There are certain extralegal methods of putting someone to death which the court can utilize in extreme situations. Regarding these punishments, the Chazon Ish rules (Yoreh De'a 2:16 s.v. Ve-nir'eh) that they can only be carried out at a time when God's providence is clearly felt by all. He explains that only during such a period would people appreciate that the punishment of the wicked is a means of correcting the evil in the world. However, in a period when clear Divine intervention is lacking, such punishments are perceived as violence and aggression. As a result, he rules that they are counterproductive, and therefore forbidden.

These two elements - being wary of hatred even when permitted, and instituting punishments only when they are perceived as corrective measures - bear important ramifications for our own society. For example, there are countless matters of dispute between the religious and secular communities in Israel today. It is important to understand the perspective and background of the secular groups in order to improve relations with them. Large segments of the religious community reject this approach, claiming that if they try to understand the other viewpoint, they will be influenced by it. However, in order to have any positive relationship with other Jews, it is important to recognize where they are coming from.

It is impossible to judge people based solely upon their religious observance now. I am observant, but who knows what would have happened if I had grown up in a thoroughly secular environment? Does any one of us know or understand how God judges a person? Does anyone know that he will be rewarded simply by declaring himself religious? One must be wary of passing judgment on others, as you do not know what factors led to the person's current situation.

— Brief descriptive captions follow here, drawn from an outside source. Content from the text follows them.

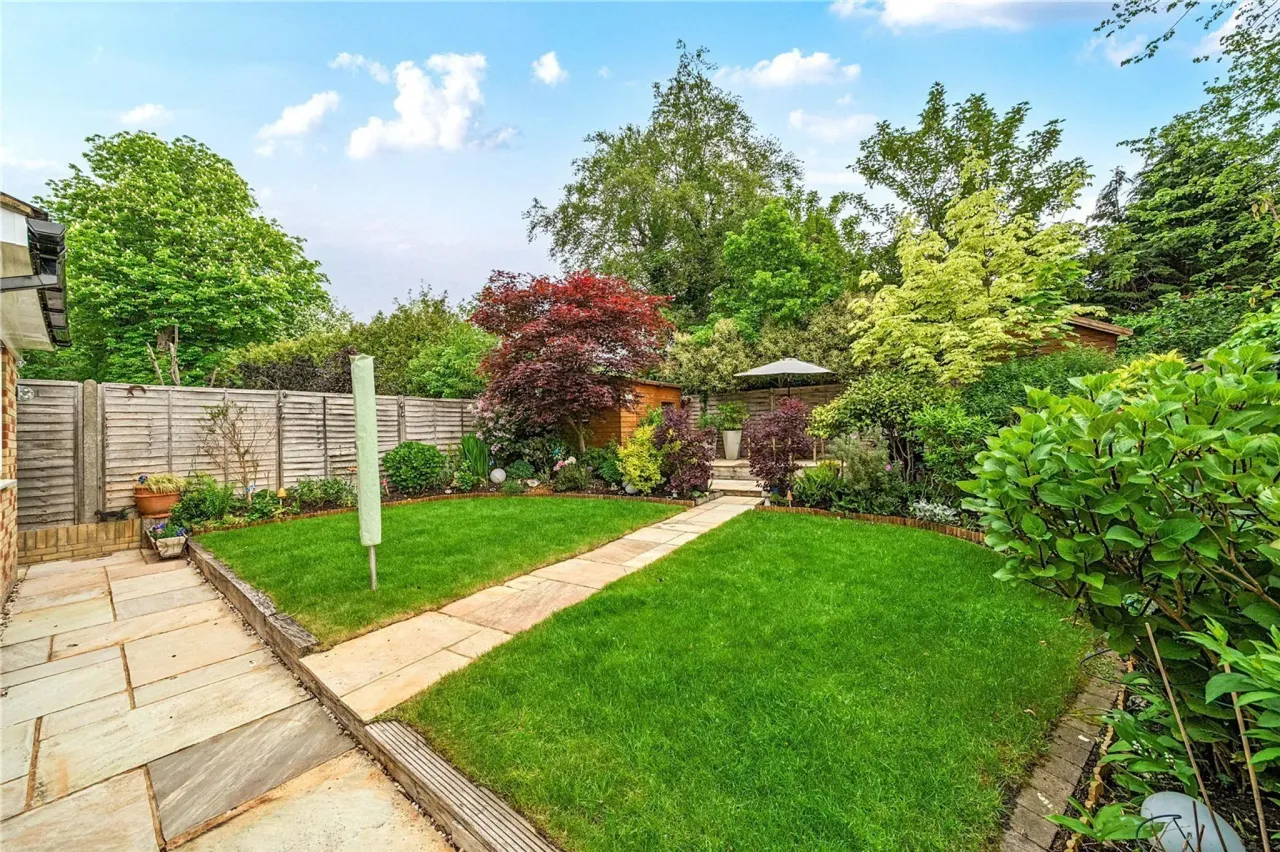 Bosman Drive, Windlesham, Surrey, GU20, photo 22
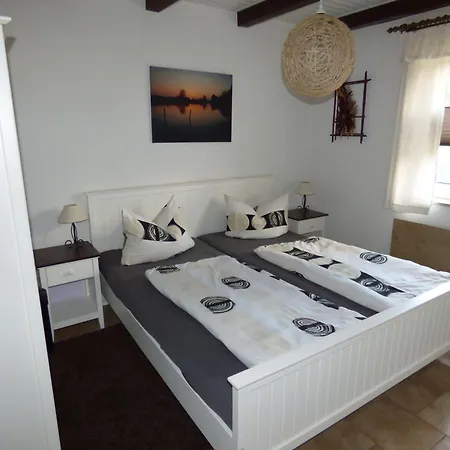 Holiday home Ferienhaus-natur-erholung-pur-mecklenburgische-seenplatte-zwischen-mueritz-und-ostsee *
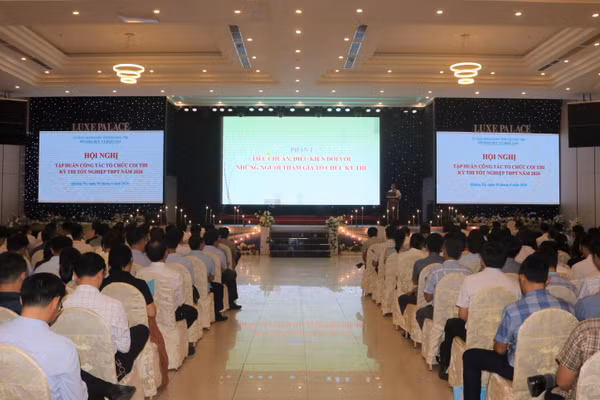 Hội nghị nhằm thống nhất quy trình, nghiệp vụ tổ chức coi thi trên toàn tỉnh.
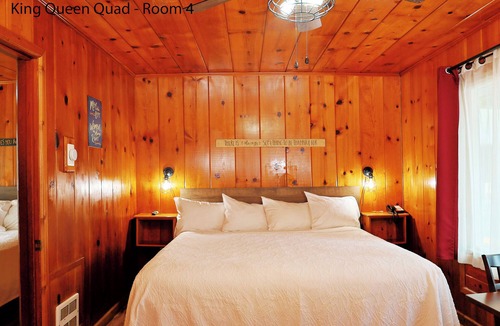 Florence Hotel | King + Queen Woods Retreat: Spacious Rustic Rooms for Families & Groups!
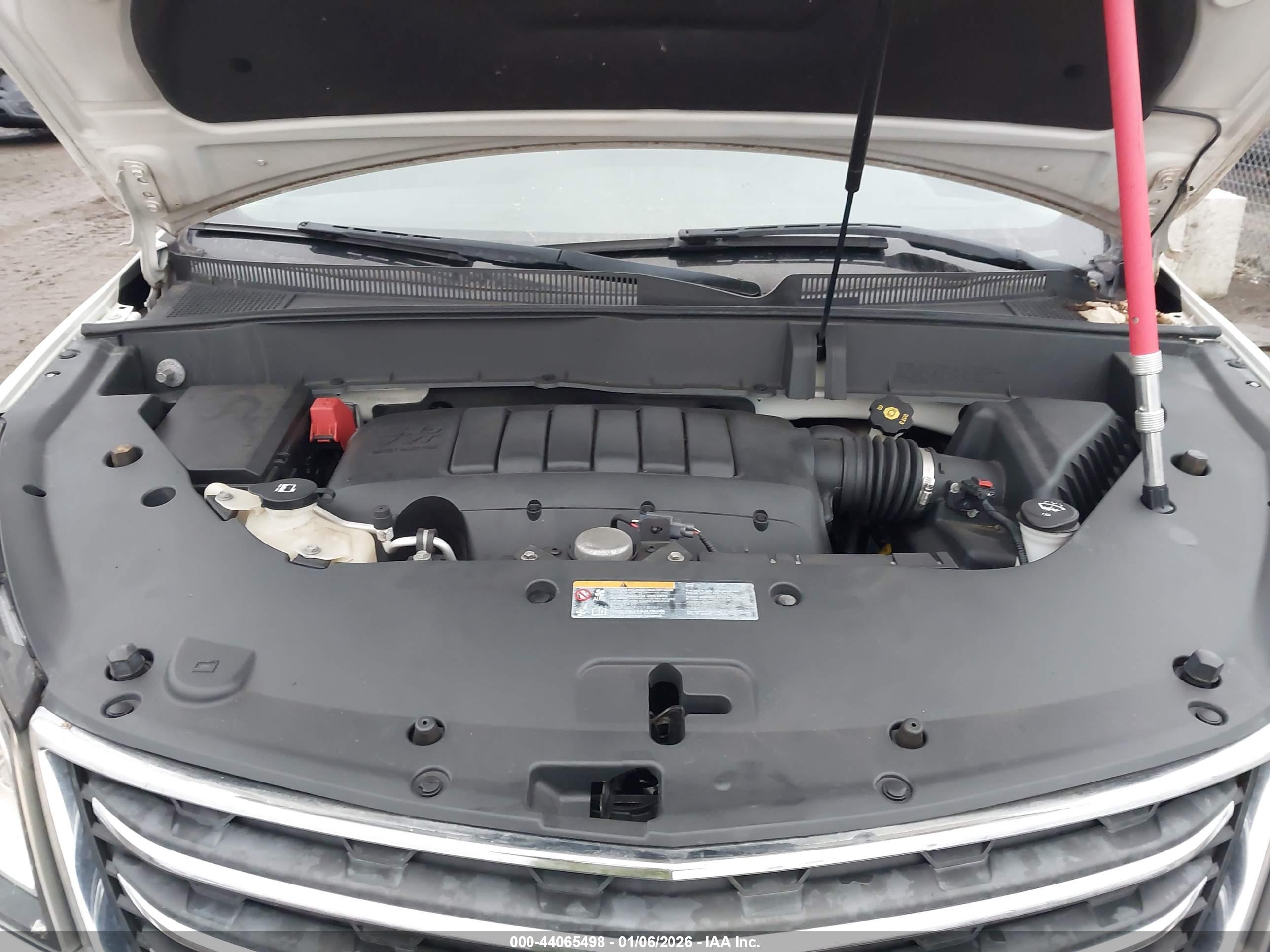 CHEVROLET TRAVERSE image 10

Beyond the issue of not judging, it is also important to approach issues which concern the secular community with an understanding of its perspective. For example, in the recent controversy regarding the closing of Bar Ilan Street in Jerusalem on Shabbat, I was asked to speak to the advisory committee. I told them that I thought that the road should be closed on Shabbat, but not because of the prohibition of people driving on Shabbat. I know full well that if this street is closed, the people will simply drive on another street. Nonetheless, I think that this is a reasonable demand - to ask people to modify their travel plans on Shabbat in order not to impose upon the atmosphere of a religious neighborhood. However, I explained that in the same vein I would not protest if those same Jews who do not keep Shabbat wanted to have theaters open on Shabbat.

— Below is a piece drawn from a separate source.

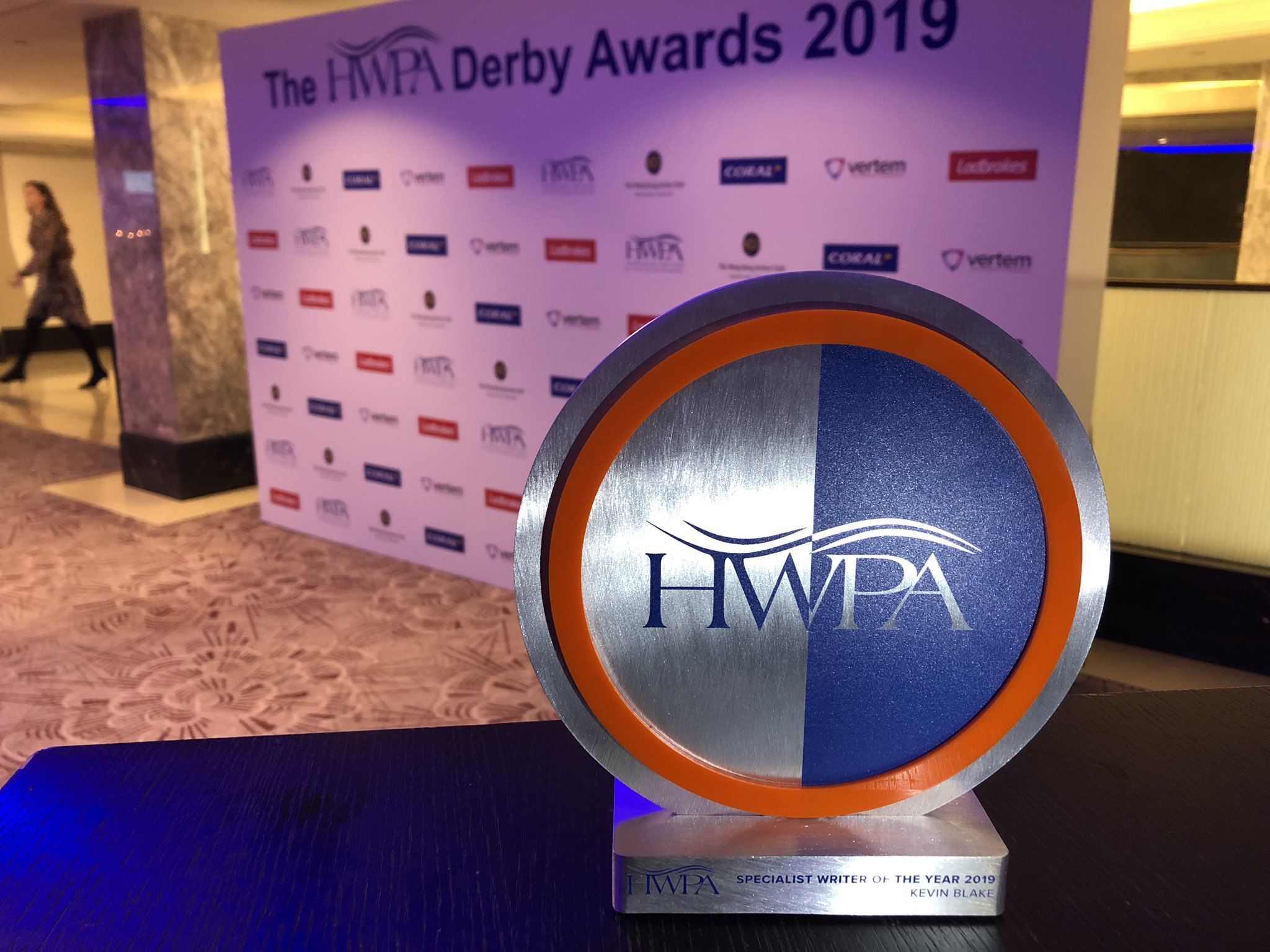 Image with missing alt attribute found on attheraces.com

People complained to me that such a statement implies recognition of non-observance of Shabbat. I responded that the secular Jews of Jerusalem live under constant pressures from the religious Jews, and that it is important that they feel able to continue living their lives. While it would certainly be ideal for them to be keeping Shabbat (and all other mitzvot), the way to change that is not through legislation with an iron fist. Meaningful change can only be effected through more pleasant means. There is often a desire and a need within the secular community for more Judaism. This need can be tapped into, but only through positive, corrective means (along the lines of what the Chazon Ish said), and not through punishments which are not accepted in the desired way.

 

(Originally delivered at seuda shelishit, Shabbat Parashat Kedoshim 5757.)